Mister Condo replies:
J.S., I am sorry for your unfortunate predicament. I am also sorry that you are not going to like my answer very much either. Condominiums can be just about any size. They could be hundreds of units or more. They could be 20 units or less. In your case, it is three townhouses. My guess is that there was some tax advantage that the family who created the condominium sought to take advantage of all those years ago. That was all fine and dandy when the only unit owners were family members. Fast forward to today and you see that this not for profit “business” has been run as anything but. There are governance documents that describe in detail who is responsible for what, who pays for what, what the process is for architectural changes, and so on. Without this document being adhered to, the association has fallen apart, almost to the point where dissolution of the condominium may be a viable option. You asked my advice. I would look at all of my legal options and even consider selling my interest to get out before this condominium implodes on itself and becomes a serious money pit. I love the scenic beauty of Cape May, New Jersey and have seen some of the beautiful homes and condos in the area.
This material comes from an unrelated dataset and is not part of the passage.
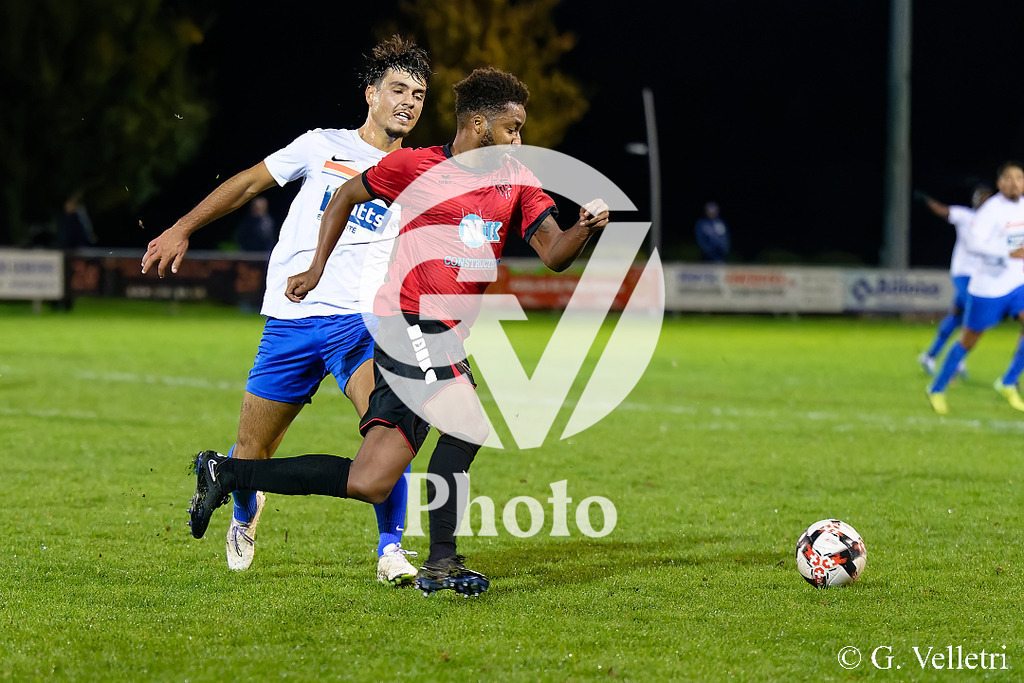 DSC_7337 | Velletri Photo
This one has been weathering since 2004 without any money being set aside for repairs, which are now here. If the condominium declaration and by-laws simply state that expenses are split evenly between the three units, you are going to have to pay for one third of the repair bills. It isn’t a question of fairness; it is a question of what you have legally obligated yourself to when you purchased into this condominium association. The idea that the lone original owner is the boss and can dictate who does what or who pays for what is ludicrous. Review the documents, talk to an attorney and take the necessary steps to protect yourself. All the best!